In some form or another, the X-Men franchise has invariably revolved around conflict between humans and mutants. The franchise’s villains have often come in the forms of fearful human beings, or mutants themselves – both that have somewhat misguided or genocidal ideologies. With X-Men: Apocalypse, the franchise seems poised to turn the series on its head by introducing a nigh-omnipotent being who is essentially a god – but it seems he will be more relatable than we previously thought.

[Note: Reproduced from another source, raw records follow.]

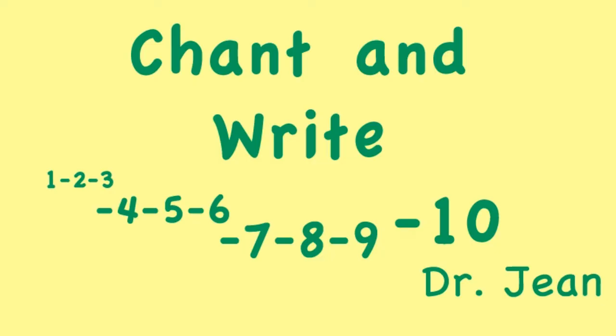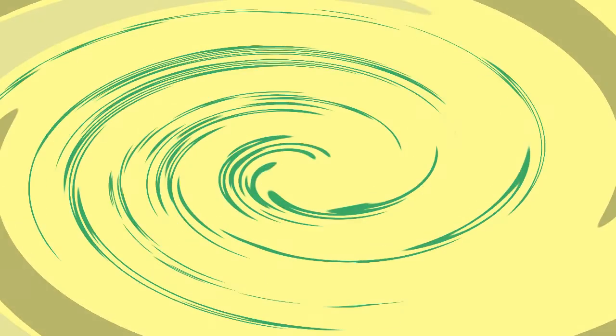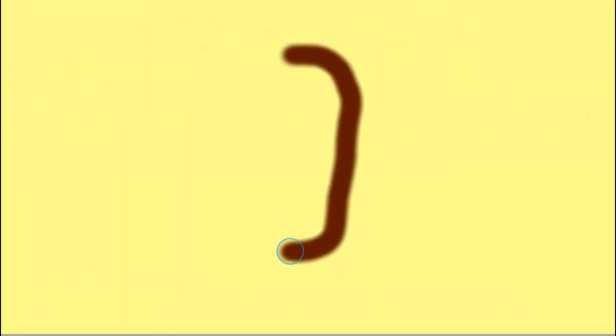Zero is where it all begins. Curve down, around, and up again. Curve down, around, and up again.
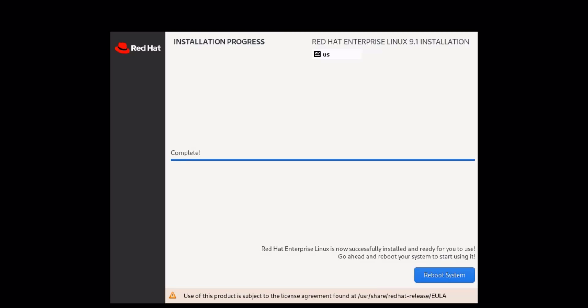Congratulations! The installation of RHEL 9 is complete. Remove the installation media and reboot your computer.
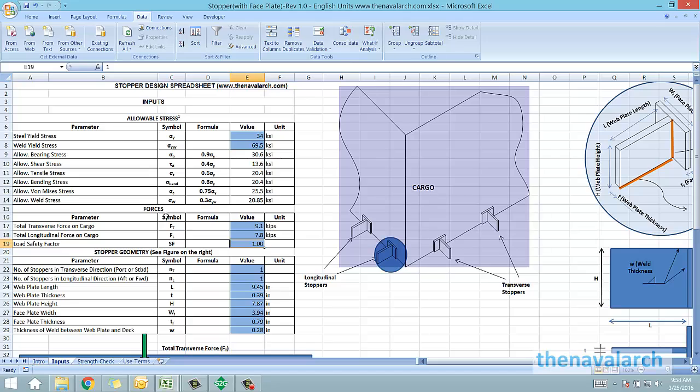There is a separate spreadsheet on thenavalarc.com for calculating forces on the cargo based on Noble-Denton formulas. So, the total transverse and longitudinal forces on the cargo have to be input by the user.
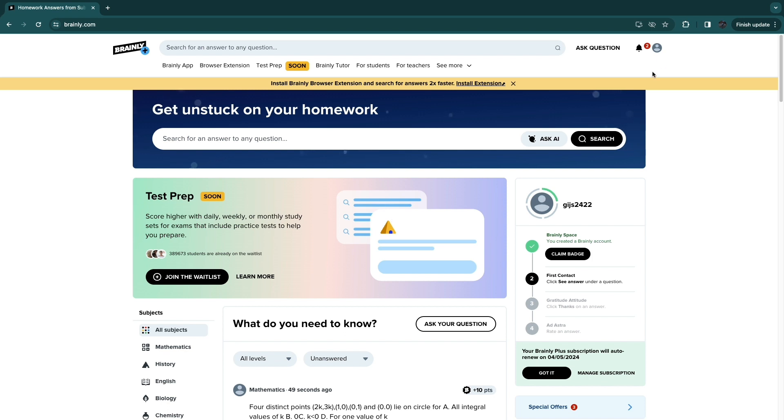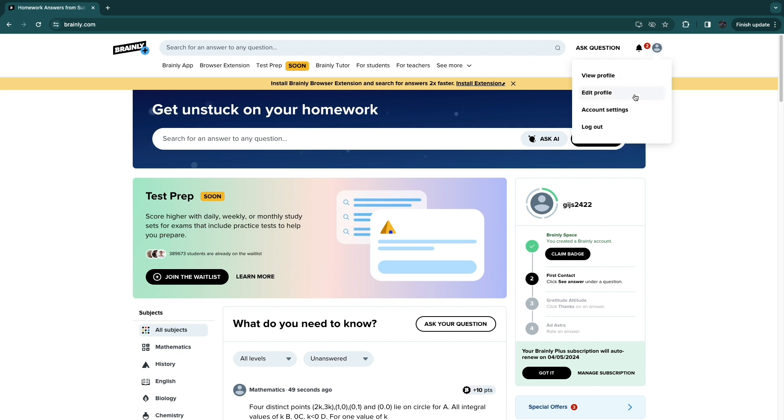Then in the top right, click on your profile picture. From the dropdown, click on account settings.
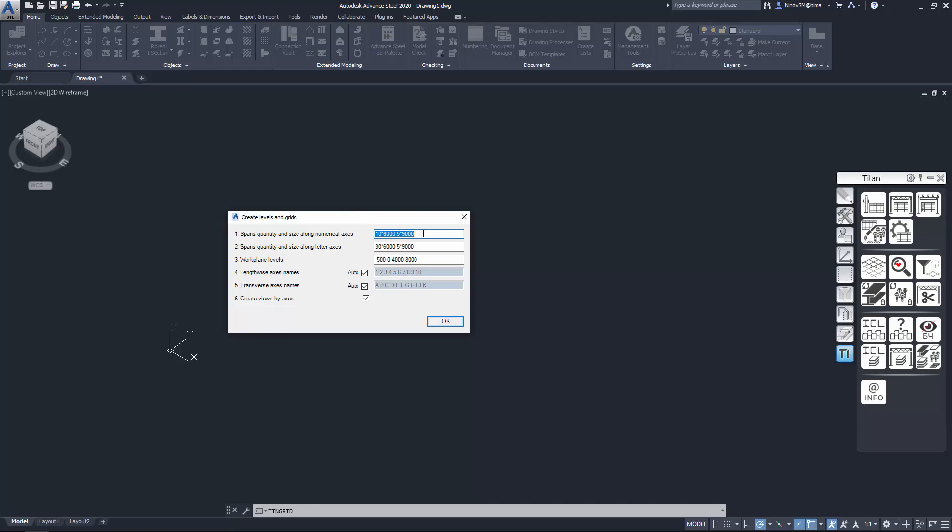For example, if you need to create 6 axes with distance of 6 meters between them, you need to enter 5 spans, asterisk, 6000.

In a recent interview with IGN, Michael Dougherty – co-writer of X-Men: Apocalypse – opened up about the motivation and the ideology that will drive the villainous titular mutant. Dougherty explained that in Bryan Singer’s attempt to make the X-Men universe as grounded as possible, Apocalypse’s motives had to come from an emotional place that audiences could identify with and respond to. Elaborating further, Dougherty laid out Apocalypse’s thought process: he comes from an era of history where mutants are revered as gods, so to wake up in modern times and see that mutants have become a persecuted minority will most certainly not sit right with him. He’s a being who has only known reverence at the hands of humans, and as such feels the need to right what he sees as a misstep in the world. From this mentality, Apocalypse goes beyond a god-seeking domination and destruction, but a being with "a heart" and a cause that he perceives as righteous.

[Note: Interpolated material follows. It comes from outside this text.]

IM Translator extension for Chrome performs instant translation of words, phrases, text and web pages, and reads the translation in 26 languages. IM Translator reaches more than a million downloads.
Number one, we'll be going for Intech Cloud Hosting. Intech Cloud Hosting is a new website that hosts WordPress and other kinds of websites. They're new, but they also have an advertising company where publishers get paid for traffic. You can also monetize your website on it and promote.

Taking this approach to villains has proven to be one of the X-Men franchise’s strongest assets. Many have complained about the weak villains in the Marvel Cinematic Universe, but the X-Men films have consistently produced villains that engage in a moral ambiguity that makes them easily relatable. Magneto’s time in Nazi concentration camps imbued him with a fear of further persecution, a thirst for revenge, and a bastardized sense of justice. In X2 William Stryker sought revenge against the mutants on a race-wide level after his mutant son tormented him and his wife – leading to her eventual suicide. Even Bolivar Trask from the recent X-Men: Days of Future Past blatantly stated that he did not hate the mutants he wished to eradicate, but he admired them and saw them as a common struggle that could unite the human race against our inevitable extinction. Despite the obvious differences in origin and power level, Apocalypse’s rationale for going down his villainous path follows similar – as well as relatable – character beats.

Only time will tell if the writers – as well as the performance by Oscar Isaac – manage to effectively convey the relatable qualities of the god-like mutant. We will just have to wait and see when X-Men: Apocalypse comes to theaters on May 27 of next year.